Que représente l’industrie du bien-être au Cameroun en termes de contribution au PIB national ?
Selon les chiffres disponibles auprès du ministère du Commerce, on perd plus de 180 milliards de F chaque année pour l’importation des produits. Maintenant, pour évaluer l’impact sur le PIB, on sait qu’il y a 20 ans, l’industrie de la cosmétique et du bien-être représentait pratiquement 9 à 11% du PIB. A cette période, on n’avait pas une population aussi élevée qu’aujourd’hui.
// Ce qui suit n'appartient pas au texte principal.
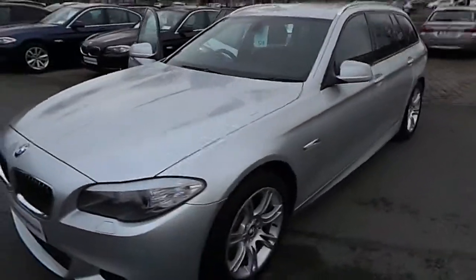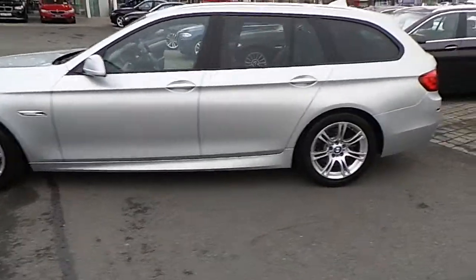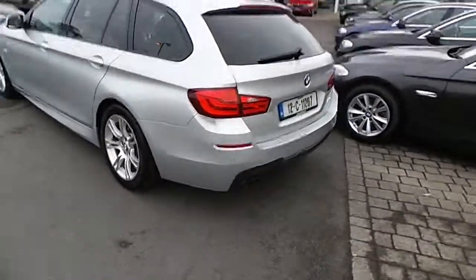Hello, I'm John at Carey's BMW in Eastgate, Little Island in Cork. Here we have our 2012 BMW Premium Selection 520D M Sport Touring.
Si on veut faire un bond vers l’extérieur, on peut être au minimum à 15% du PIB de manière directe. Or, il n’y a pas un foyer qui n’utilise pas ces produits. Imaginez un ratio selon lequel chaque personne utilise seulement 1000 F par mois. Pour 25 millions de Camerounais, les chiffres sont importants. Cependant, nous ne représentons pas grand-chose dans cette industrie, à cause des commandes extérieures.
Pourquoi les importations ont le vent en poupe ?
Les grands pays comme la Chine, le Japon et la Suisse ont bâti leur industrie sur la production par réseaux. Ils se sont appuyés sur les PME, les industries artisanales, les grands labels qui sont des régions, des communautés ou des associations pour faire un groupage général pour vendre. Au Cameroun, quand vous regardez le pourcentage de produits naturels, vous allez remarquer que ce ne sont pas des produits naturels, mais des composés. Le taux n’atteint pas 3%. Maintenant, les ministères sectoriels (Mincommerce, Minepat, Minpmeesa, Minac) devraient mettre sur pied une politique de protectionnisme. Le Mincommerce connaît les organisations professionnelles et la faîtière en activité dans ce segment. Ils devraient mettre autour de la table un comité de suivi et de vigilance pourquoi pas une brigade, comme c’est le cas pour d’autres produits de première nécessité. Cette brigade pourrait accompagner le suivi de ces produits, favoriser la créativité Made in Cameroon et sponsoriser des régions. Il faut mettre en place un cadre légal et accompagner les acteurs avec des incitations et des financements qui leur permettent d’éclore. Quand vous les amenez sur la table, on vous dit qu’ils produisent à peine dix produits. Mais, aux Etats-Unis, au Japon, en Corée du Sud et en Chine, ce sont ces mêmes artisans qui font plus de 10 millions de produits sous un même label. Il y a un mécanisme qui devrait prévaloir : les opérateurs de Tsinga et de Nkomkana (quartiers de Yaoundé, Ndlr) qui fabriquent chacun 10 bouteilles respectant la norme peuvent être mis dans un même label dénommé « Label Ongola ». Quand on va sur le marché, ils ne vendent plus 10 échantillons, mais 20. Les supermarchés qui doivent avoir un rayon du Made in Cameroun sont censés accompagner ces produits locaux faits main, bio et équitable. L’équitabilité et le bio sont sponsorisés par les grandes surfaces pour montrer qu’ils développent l’économie sociale et la créativité.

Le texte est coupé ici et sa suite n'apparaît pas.